Skoda-VW Begin Testing CNG Engines In India
The VW Group plans to introduce turbo-CNG engines in India, and already sells them in European markets
Rapid has been seen filling up on CNG, signaling that the VW Group have begun testing their TGI engines in India.
Their 1.0-litre and 1.5-litre turbo-petrol engines can also run on CNG in Europe.
They make 90PS/130PS, respectively. Around 20PS less than petrol powered TSI counterparts
These new engines will power their mass market cars like the Volkswagen Polo and Skoda Rapid.
The CNG engines are expected to be an option with Skoda’s upcoming compact SUV which will rival the Creta.
VW Group hasn’t set a timeline for the launch of their CNG cars in India.
The image of a Skoda Rapid bearing a red number and plate pictured filling up on CNG recently became quite popular. A twitter user even tagged Zac Hollis, asking him when it would be launched, to which the Director of Skoda Auto India replied, and I quote, “It’s a project but as yet there is no final sign off.”

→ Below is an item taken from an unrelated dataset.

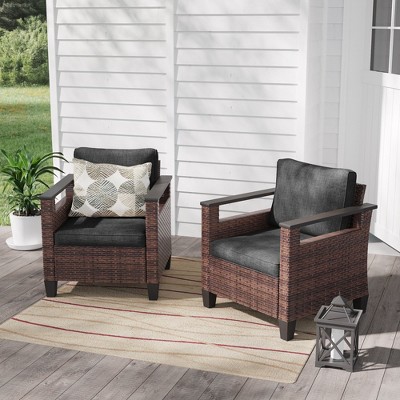 Sonkuki 2 Piece Wicker Patio Chairs Set, All-Weather PE Rattan Wicker Chair Small Patio Conversation Couch with Cushion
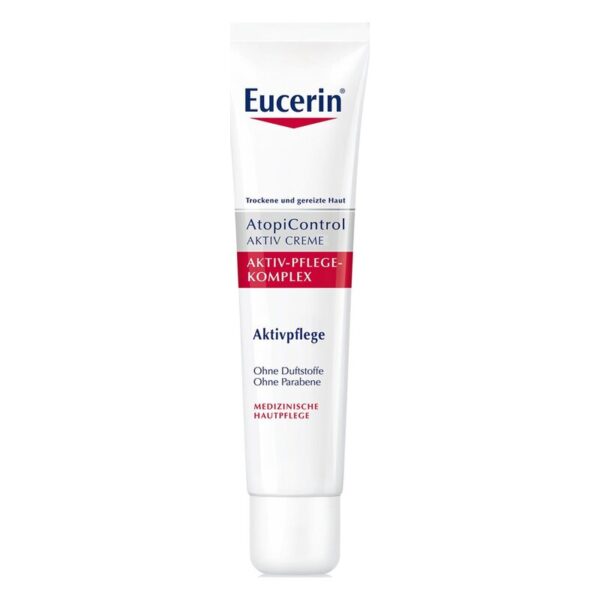 Eucerin AtopiControl aktiv Creme in einer weißen Tube mit rotem und blauen Schriftzug, für trockene Haut.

The VW Group has been toying with the idea of CNG vehicles for India, and that’s nothing new. They had hinted of it even before their new India 2.0 business plan lineup was revealed ahead of the 2020 Auto Expo. The 1.0-litre and 1.5-litre turbo-petrol engines used in the Rapid and Karoq, respectively, can both be had with a CNG option straight from the factory in some international markets and it's called their TGI line of engines.
The 1.0-litre TGI engine in the Euro-spec Volkswagen Polo makes a maximum of 90PS and 160Nm of torque. That’s not far off from what the petrol powered TSI version of that engine makes (110PS/175Nm) in the Polo and Rapid sold in India. The bigger 1.5-litre TGI engine in the Volkswagen Golf sold in Europe makes 130PS, 20PS shy of what the same engine makes in the Skoda Karoq sold in India.
This means that the carmaker already has the technology and it’s only a matter of bringing it to India. The Polo CNG sold in Europe has a WLTP certified range of 368km due to its 13.8kg tank while the Golf on the other hand can go further, earning itself a 422 km WLTP range from its 17.3kg tank.
Now it is just a matter of adapting this technology to Indian conditions. And that is what the Skoda Rapid in the image is possibly doing. Zac Hollis has himself confirmed that they are looking at it but there is no fixed end date.
But, while they have the technology and it offers decent enough performance, Skoda and Volkwagen are both wary of the ‘poor-man’s-fuel’ tag that exists around CNG in India. It wouldn’t really suit their image of offering sporty and premium cars in India.
The bottom line is this, CNG-powered Skoda and Volkswagen vehicles will be sold in the future, but as they have just begun testing in India, it won’t happen any time in the recent future.